> WHAT IS NEEDED
Report every line of the records below that includes the string "Print".

*** INFORMATION SHOWN ***

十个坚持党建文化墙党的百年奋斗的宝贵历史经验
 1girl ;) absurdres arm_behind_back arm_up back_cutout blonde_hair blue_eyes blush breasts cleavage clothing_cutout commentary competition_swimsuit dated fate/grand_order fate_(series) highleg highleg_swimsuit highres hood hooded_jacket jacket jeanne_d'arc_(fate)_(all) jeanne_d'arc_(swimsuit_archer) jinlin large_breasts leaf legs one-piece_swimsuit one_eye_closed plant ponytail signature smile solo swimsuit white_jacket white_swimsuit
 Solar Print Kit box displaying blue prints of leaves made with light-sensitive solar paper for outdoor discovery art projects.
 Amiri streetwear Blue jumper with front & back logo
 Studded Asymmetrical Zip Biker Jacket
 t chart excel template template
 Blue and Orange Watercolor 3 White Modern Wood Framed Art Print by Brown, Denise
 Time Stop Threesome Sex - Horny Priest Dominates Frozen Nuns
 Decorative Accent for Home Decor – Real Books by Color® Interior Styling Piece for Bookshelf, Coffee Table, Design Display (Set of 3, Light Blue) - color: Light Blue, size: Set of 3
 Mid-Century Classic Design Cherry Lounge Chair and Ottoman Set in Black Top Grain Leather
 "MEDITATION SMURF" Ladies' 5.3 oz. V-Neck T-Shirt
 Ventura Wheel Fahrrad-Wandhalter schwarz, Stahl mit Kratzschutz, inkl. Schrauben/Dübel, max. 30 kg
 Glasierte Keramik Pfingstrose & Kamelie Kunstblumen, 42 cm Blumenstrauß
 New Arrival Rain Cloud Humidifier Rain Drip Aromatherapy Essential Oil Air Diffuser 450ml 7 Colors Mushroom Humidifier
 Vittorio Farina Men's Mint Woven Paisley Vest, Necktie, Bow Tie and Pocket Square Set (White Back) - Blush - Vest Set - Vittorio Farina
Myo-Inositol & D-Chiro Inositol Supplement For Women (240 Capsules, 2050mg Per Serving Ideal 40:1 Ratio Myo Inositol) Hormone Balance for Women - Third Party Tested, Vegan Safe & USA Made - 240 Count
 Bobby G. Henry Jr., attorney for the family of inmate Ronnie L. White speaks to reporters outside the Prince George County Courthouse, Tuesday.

*** End of INFORMATION SHOWN ***

> EXERCISE ANSWER
 Solar Print Kit box displaying blue prints of leaves made with light-sensitive solar paper for outdoor discovery art projects.
 Blue and Orange Watercolor 3 White Modern Wood Framed Art Print by Brown, Denise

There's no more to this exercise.